Dans ce terrain de vague à l’âme, sentiments, objets et idées se confondent dans des brides d’écriture et de plis que le vent emporte. Quelques fragments d’épaves, des morceaux de rien et de douceur et l’art est ce petit soleil qui perce la brume.



Julien des Montiers, « Dessus/Dessous »

 


Suquet des Artistes, Cannes

Jusqu’au 22 septembre 2024



Une aventure dans le corps de la peinture


C’est à une exploration de la peinture elle-même que nous convie Julien des Montiers à travers 45 œuvres somptueuses bien au-delà de la réflexion théorique qu’elles supposent. S’il s’attache à en dévoiler les mécanismes, c’est toujours à travers le travail sur une matière vivante et tumultueuse que l’artiste traque l’image. Dans ses tours et détours, elle circule dans les méandres de l’histoire de l’art pour en faire jaillir les ombres et les lumières, les signes et les figures toujours saisis dans l’hésitation de l’abstraction et de la figuration.

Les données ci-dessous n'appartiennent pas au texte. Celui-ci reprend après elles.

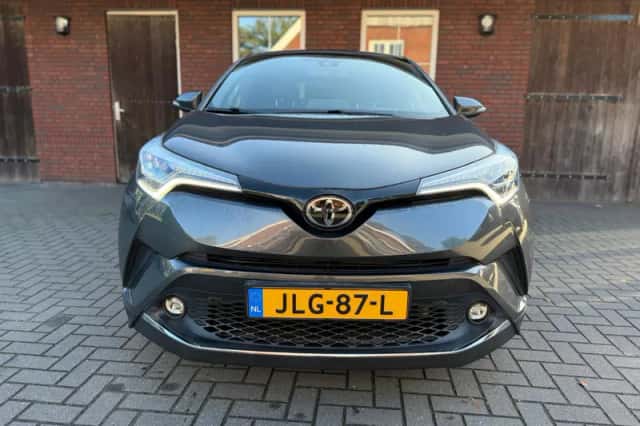 Toyota C-HR (2017) thumbnail 2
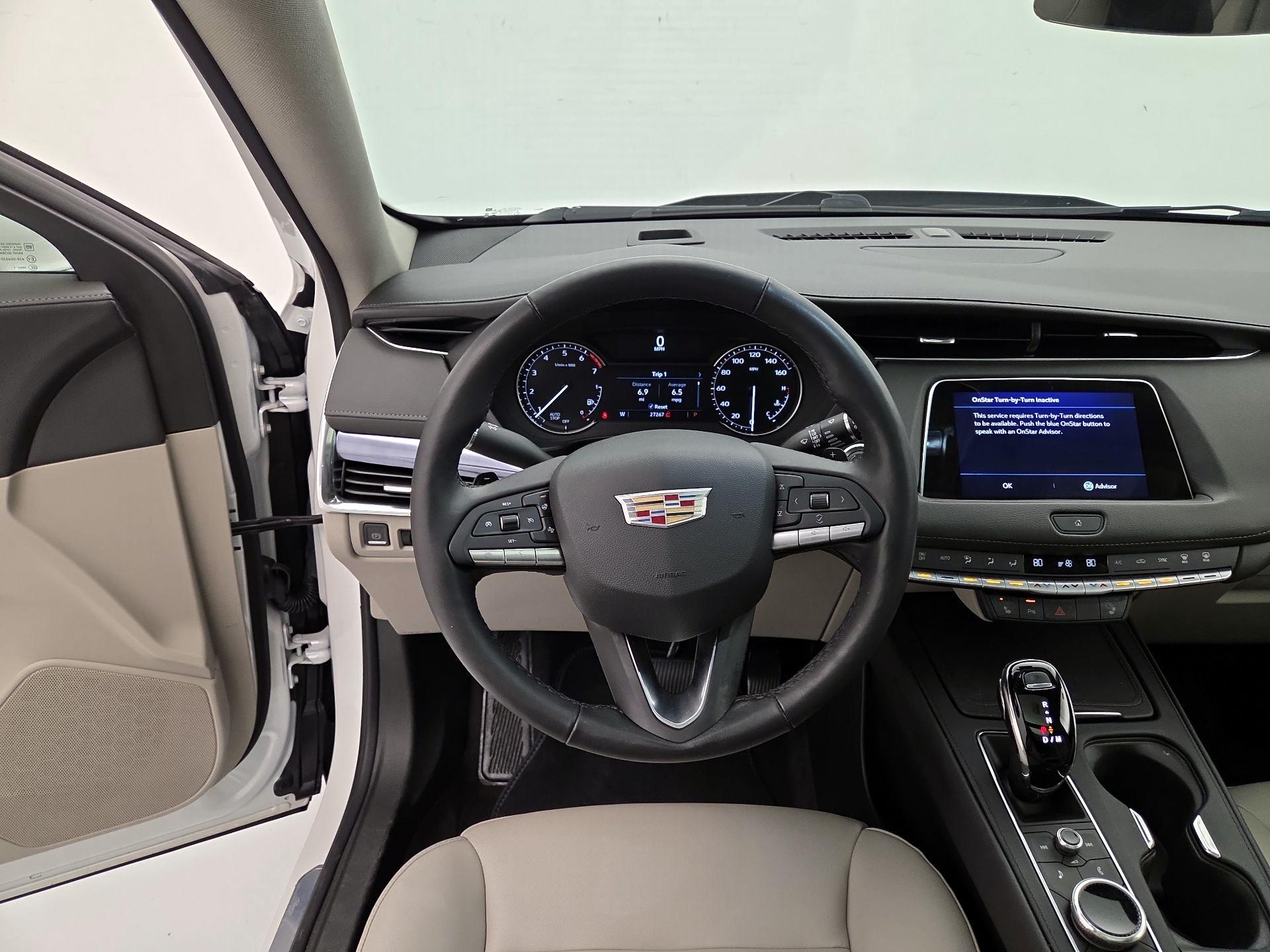 Thumbnail: 2023 Cadillac XT4 - 10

Rien d’aride dans cette œuvre très diverse par la multiplicité des supports - toile, tapisserie et même le sol. A partir d’un signe arbitraire et neutre, l’artiste fait subir à l’idée de représentation un traitement qui révèle l’impensé de la peinture: Celle-ci est ici une peau que le peintre arrache ou recouvre dans un processus d’extraction de l’image à partir de strates opposées. Des damiers de cubes cinétiques se trouvent recouverts par des figures d’animaux fabuleux ou d’images populaires telles celles de Fantomas. Toujours dans un même protocole répétitif où le pinceau n’est plus à l’origine de l’œuvre, Julien des Montiers s’attaque au corps d’une peinture à coup de spatules pour en extraire la sève. Le fond géométrique se dispute alors à l’intensité expressive et la revendication de l’idée se confronte à la séduction ornementale. Avant que la matière ne sèche, le peintre la creuse, l’arrache ou la façonne pour y faire adhérer une image préalablement calquée sur du plexiglas. Tout un processus se réalise depuis ce transfert de l’empreinte jusqu’à ce que la figure surgisse et, parfois hors du cadre, dans l’épaisseur même du mur entrouvert. Elle se transforme alors en cheval ou en licorne à moins qu’elle ne se dissolve dans une abstraction tellurique où le sang de la couleur se dispute à la chair de l’huile quand celle-ci se fige et s’épaissit.

De cette aventure d’une lutte entre le dedans et le dehors, l’image ne dit pas ce qu’elle est et n’est pas ce qu’elle dit. A nous de la traquer au-delà de l’artifice merveilleux de la couleur qui imprègne les griffures balafrant telle figure ou dans l’explosion du rouge ou du bleu dans l’épaisseur de la nuit. «La terre est bleue comme une orange», écrivait Paul Eluard et, comme le poète, le peintre transgresse le réel par le jet sidéral des couleurs complémentaires et la peinture nous ouvre alors à d’autres mondes qui déchirent les apparences. Julien des Montiers en dévoile la trame. Le bleu et l’orange bouleversent l’espace et la peinture irrigue notre univers de sa magie avant qu’il ne se peuple de ces créatures réelles ou imaginaires issues de siècles d’art et de fiction. Mais ce que cette œuvre incandescente proclame c’est la vitalité d’une peinture toujours à recommencer.